### Supplied data
☆ ☆ ☆ ☆

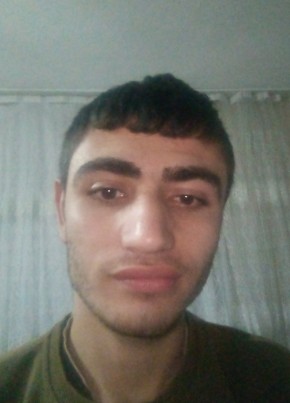 Erhan, 22, Türkiye Cumhuriyeti, Ankara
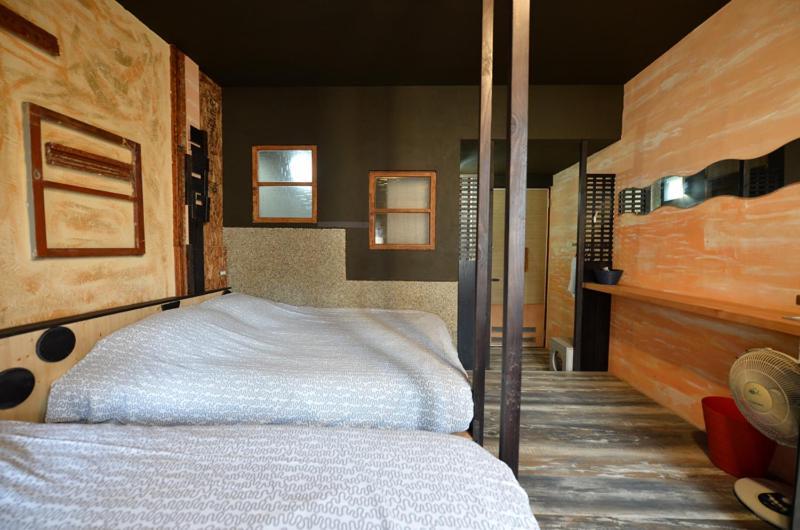 Bed and Breakfast Sha Feng Lu Dian Magong Esterno foto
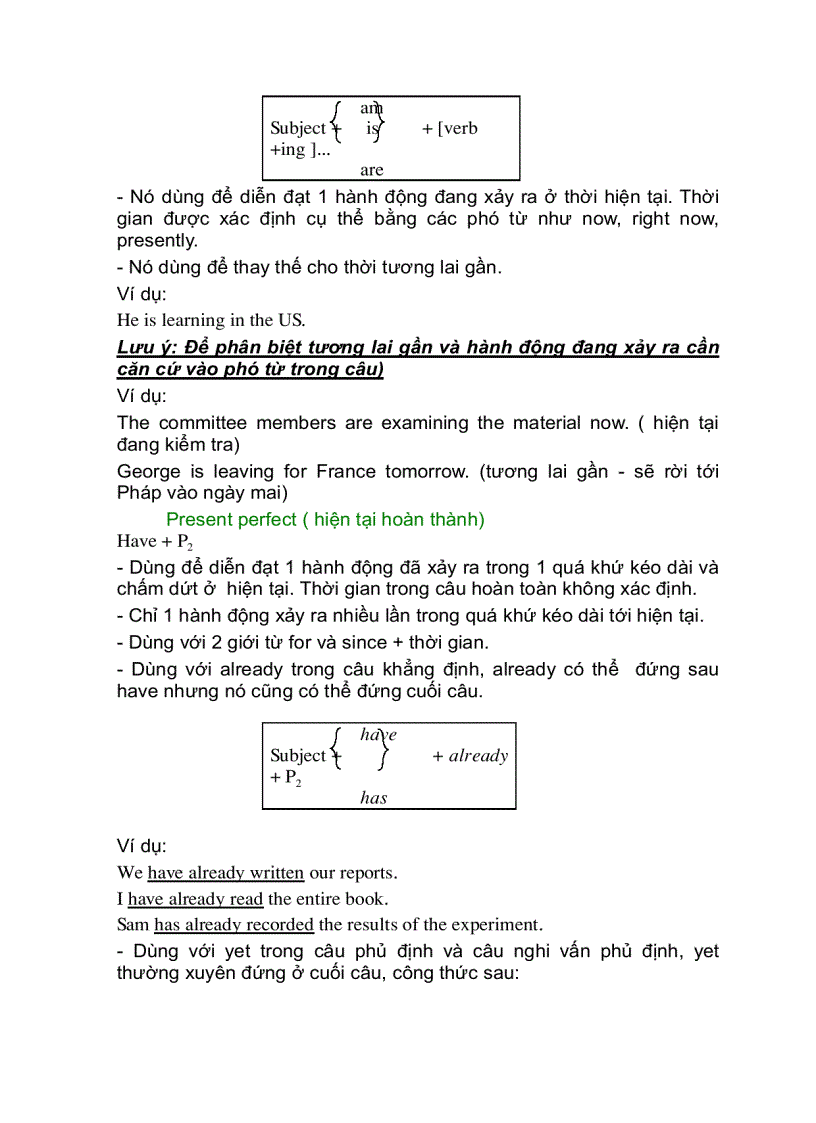 image for page Toefl Grammar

☆ ☆ ☆ ☆

### Work to complete
The data above needs to be retyped exactly, with the images left out.

### Solution for this task
 Erhan, 22, Türkiye Cumhuriyeti, Ankara
 Bed and Breakfast Sha Feng Lu Dian Magong Esterno foto
 image for page Toefl Grammar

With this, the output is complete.